TV & Radio
In the 1987 series Beauty and the Beast, Vincent (Ron Perlman) - the beast - was part-man, part-lion; an outcast abandoned at birth, raised in a community of outsiders living under the streets of New York.
In the 2012 update, Vincent - played by New Zealander Jay Ryan - is a former soldier; strong, muscular, dangerous and brooding, a large scar the only blemish on his boyishly handsome face.
The new Beauty and the Beast was "re-imagined" for America's CW network - famed for its teen-focused shows starring young and beautiful Hollywood stars, including Gossip Girl, Vampire Diaries and Supernatural.
For Ryan, it's his biggest break to date after working the United States audition circuit for the past seven years. Famous in New Zealand for his roles in Neighbours, Go Girls and Offspring, his most recent American series was in Steven Spielberg's big-budget sci-fi series Terra Nova.

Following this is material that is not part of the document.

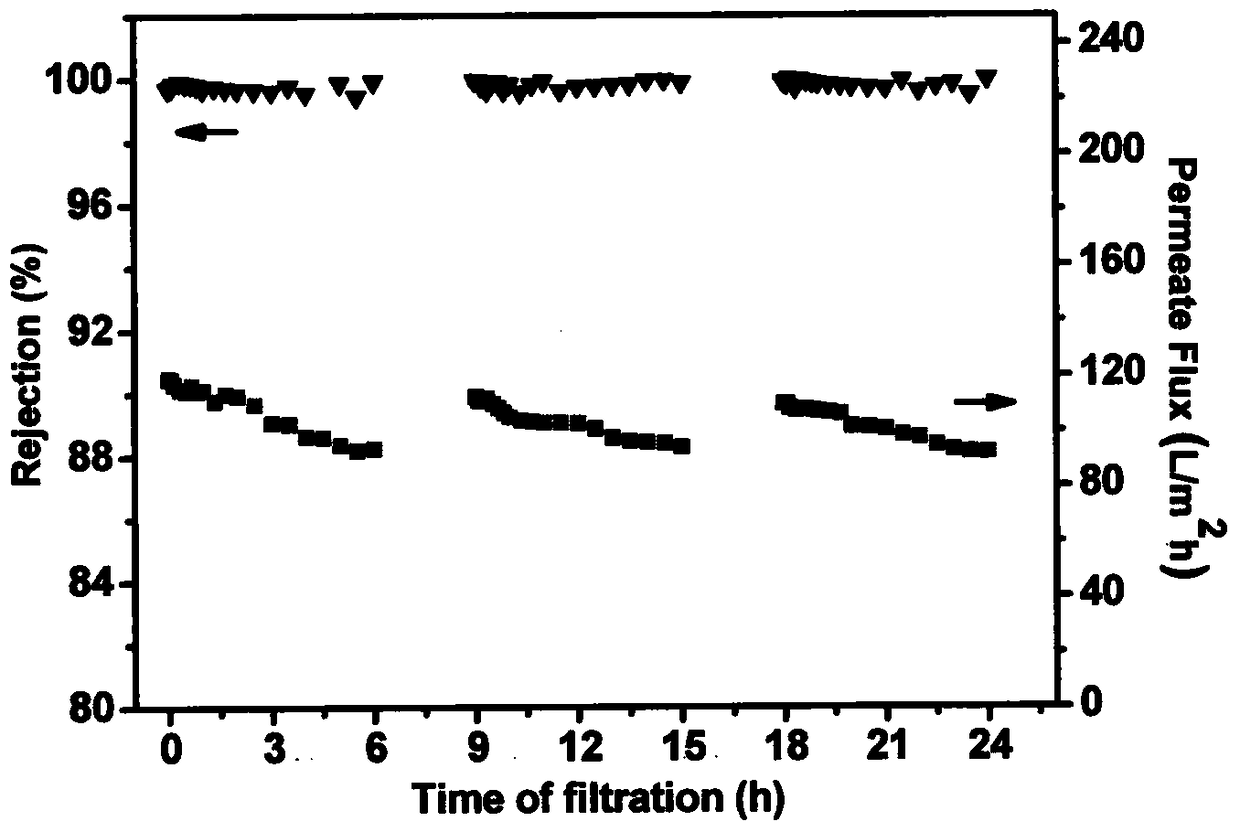 A new method for the preparation of chitosan nanofiber-based composite filter membrane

But it is this remake of a popular 80s cult classic that could have the power to put him on the trans-Atlantic map.
"I actually watched the show back in the day, with my nana," says Ryan, 31. "I used to go home from school and watch Beauty and the Beast, so knowing that this is a re-imagination of that original series is very exciting. I feel quite honoured to put my twist on a new beast role."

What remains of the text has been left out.